[iceberg-1746] Implement spark fanout writer #1774

XuQianJin-Stars · 2020-11-15T05:33:43Z

Changes involved in this PR:

Move the PartitionedFanoutWriter of flink to core/src/main/java/org/apache/iceberg/io package.
Implement immobile writers for spark2 and spark3 modules respectively.
User can turn it on according to the parameter write.partitioned.fanout.enabled= true in the setting table. The default is false and can also set spark option partitioned.fanout.enabled to override it.

RussellSpitzer · 2020-11-15T16:11:05Z

Wouldn't we need to also eliminate the pre-sorting from the Spark write to benefit from this? As is all the rows that go into Partitioned writer are assumed to be pre grouped already so a fan out wouldn't really help. Maybe I'm missing something

rdsr · 2020-11-16T04:59:42Z

Seems like this provides the ability to write out non grouped records, won't this create too many possibly small files? What use-cases you have in mind for this @XuQianJin-Stars ?

XuQianJin-Stars · 2020-11-16T09:15:45Z

Seems like this provides the ability to write out non grouped records, won't this create too many possibly small? files? What use-cases you have in mind for this @XuQianJin-Stars ?

hi @rdsr @RussellSpitzer Thanks for the reminder, I will take a closer look at this piece. I only started learning iceberg not long ago. Hope you have more comments to discuss with me. Thanks again.

XuQianJin-Stars · 2020-11-16T11:57:47Z

Seems like this provides the ability to write out non grouped records, won't this create too many possibly small? files? What use-cases you have in mind for this @XuQianJin-Stars ?

well, I can add corresponding unit tests in TestRewriteDataFilesAction.

chenjunjiedada · 2020-11-16T12:55:50Z

I think we could use the fanout writer for streaming write case which may be hard to group due to latency requirement.

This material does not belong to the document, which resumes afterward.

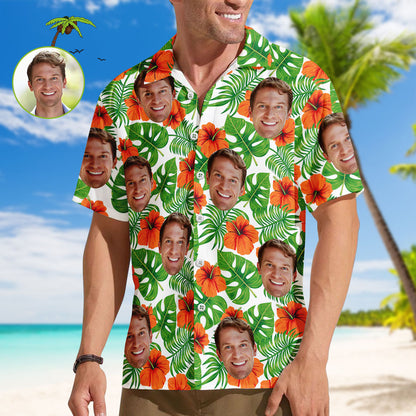 Benutzerdefinierte Hawaiian Shirt für Männer Personalisierte Kurzarm Shirt mit Bild Gesicht Foto gedruckt Hawaii Shirt Orange Blume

rdblue · 2020-11-16T18:52:23Z

If this is not the default and there is a way to turn it on, I could see some value to this. And we may need to use it by default for streaming. This just uses higher memory consumption to avoid needing to cluster rows by partition in tasks.

XuQianJin-Stars · 2020-11-17T02:00:39Z

If this is not the default and there is a way to turn it on, I could see some value to this. And we may need to use it by default for streaming. This just uses higher memory consumption to avoid needing to cluster rows by partition in tasks.

User can turn it on according to the parameter PARTITIONED_FANOUT_WRITER= true in the setting table. The default is false.

HeartSaVioR · 2020-11-17T07:16:11Z

OK now I understand what "fanout" meant. Didn't know about Flink implementation. Thanks.

I see the concern of the overall number of output files, but if I understand correctly, using fanout writer would produce the same number of output files - this just eliminates the necessity of "local sort" at the cost of multiple files opening together for write. For the best result of number of output files, we still need to repartition based on partition, regardless of using fanout writer.

Another question is, is it better to have the flag on table properties, or have the option on Spark Iceberg sink? The actual concern would be predicting how many files need to be opened together for write. This would be highly depending on the cardinality of partitions for the output, which might depend on the characteristic of the outputs, but might be also "query dependent" like we consider about batch vs streaming. I'm not maintaining the Iceberg table in production scale so can't say. Probably @aokolnychyi would have some insight on this?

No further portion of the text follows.